Wednesday, May 23, 2007

New Strategy!!!

Guess what? That "surge" that was going so well? In fact, it's moving forward so swimmingly that the military is completely ripping it up and coming up with a new strategy! And guess what? The new strategy is like the fifth reiteration of the old strategy!

Top U.S. commanders and diplomats in Iraq are completing a far-reaching campaign plan for a new U.S. strategy, laying out military and political goals and endorsing the selective removal of hardened sectarian actors from Iraq's security forces and government [...]

The overarching aim of the plan, which sets goals for the end of this year and the end of 2008, is more political than military: to negotiate settlements between warring factions in Iraq from the national level down to the local level. In essence, it is as much about the political deals needed to defuse a civil war as about the military operations aimed at quelling a complex insurgency, said officials.


This is, you know, exactly what Democrats have been saying for years, that Iraq requires a political solution and not a military one. It also includes increasing the size and training of the Iraqi army, which is at least the third time that has been made a priority.
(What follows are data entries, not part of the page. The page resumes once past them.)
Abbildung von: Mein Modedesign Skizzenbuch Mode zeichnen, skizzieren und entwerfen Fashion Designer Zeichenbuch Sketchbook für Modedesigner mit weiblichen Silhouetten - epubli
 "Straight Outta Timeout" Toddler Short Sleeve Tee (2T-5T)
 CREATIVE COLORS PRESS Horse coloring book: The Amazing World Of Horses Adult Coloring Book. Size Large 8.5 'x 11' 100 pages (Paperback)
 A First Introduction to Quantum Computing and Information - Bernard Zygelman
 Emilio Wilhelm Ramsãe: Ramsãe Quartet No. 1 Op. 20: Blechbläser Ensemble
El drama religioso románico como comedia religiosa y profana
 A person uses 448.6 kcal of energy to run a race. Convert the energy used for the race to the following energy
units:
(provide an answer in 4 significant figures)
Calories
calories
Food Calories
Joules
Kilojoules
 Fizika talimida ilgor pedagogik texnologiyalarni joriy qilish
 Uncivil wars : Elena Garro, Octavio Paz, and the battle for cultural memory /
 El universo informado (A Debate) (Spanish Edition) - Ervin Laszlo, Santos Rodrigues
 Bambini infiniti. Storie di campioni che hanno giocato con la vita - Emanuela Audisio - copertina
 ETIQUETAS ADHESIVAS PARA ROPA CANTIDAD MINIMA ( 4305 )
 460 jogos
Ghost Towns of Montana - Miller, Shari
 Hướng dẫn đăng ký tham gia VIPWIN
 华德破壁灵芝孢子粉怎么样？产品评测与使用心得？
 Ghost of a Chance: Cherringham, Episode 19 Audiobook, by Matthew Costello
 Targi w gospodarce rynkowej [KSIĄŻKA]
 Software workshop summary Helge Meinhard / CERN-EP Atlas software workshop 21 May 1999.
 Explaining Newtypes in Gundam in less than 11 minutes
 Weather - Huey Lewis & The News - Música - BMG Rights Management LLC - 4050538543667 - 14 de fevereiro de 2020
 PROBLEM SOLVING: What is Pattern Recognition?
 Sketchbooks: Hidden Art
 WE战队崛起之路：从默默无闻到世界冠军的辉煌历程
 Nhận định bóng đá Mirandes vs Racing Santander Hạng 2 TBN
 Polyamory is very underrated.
And we're talking about "protecting the Iraqi population" as if that's never been a concern before (which, in a way, it wasn't).

In contrast, U.S. operations in 2004 and 2005 "had the unintended consequence of killing off Iraqis who supported us. We would clear an area, encourage people to sign up for government programs, but then we would have to leave and those people would be left exposed and would get killed."


Amazingly, I don't think the Bush Administration has figured out that this government doesn't really want any unified cooperation with each other.

Finally, the campaign plan aims to purge Iraq's leadership of a small but influential number of officials and commanders whose sectarian and criminal agendas are thwarting U.S. efforts. It recognizes that the Iraqi government is deeply infiltrated by militia and corrupt officials who are "part of the problem" and are maneuvering to kill off opponents, install sectarian allies and otherwise solidify their power for when U.S. troops withdraw.

"For the surge to work, Ambassador Crocker and General Petraeus have to identify the Iraqi nationalists and empower them, while minimizing" two other groups - namely "the militant sectarians . . . and the profoundly, personally corrupt," said Toby Dodge, a Middle East expert at the International Institute for Strategic Studies in London.


There ARE NO IRAQI NATIONALISTS. Say it with me. There are Shiites and Sunnis and Kurds, and the Shiites will never give up the power we've provided them. This is just wishful thinking.

If you squint, you can look at this "new strategy" as a detailed assessment of what will happen when we eventually leave, and how to bridge that divide. That will only happen with a change of leadership, of course. But the diplomats and military personnel in the country see the handwriting on the wall. Taken along those lines, maybe what the Democrats have done wasn't so horrible. I still think the politics were miserable. But clearly it's motivated some parts of the government to action. However, it's absurd that we still have to do these rudiments of "nation-building," as it were, four-plus years into the conflict.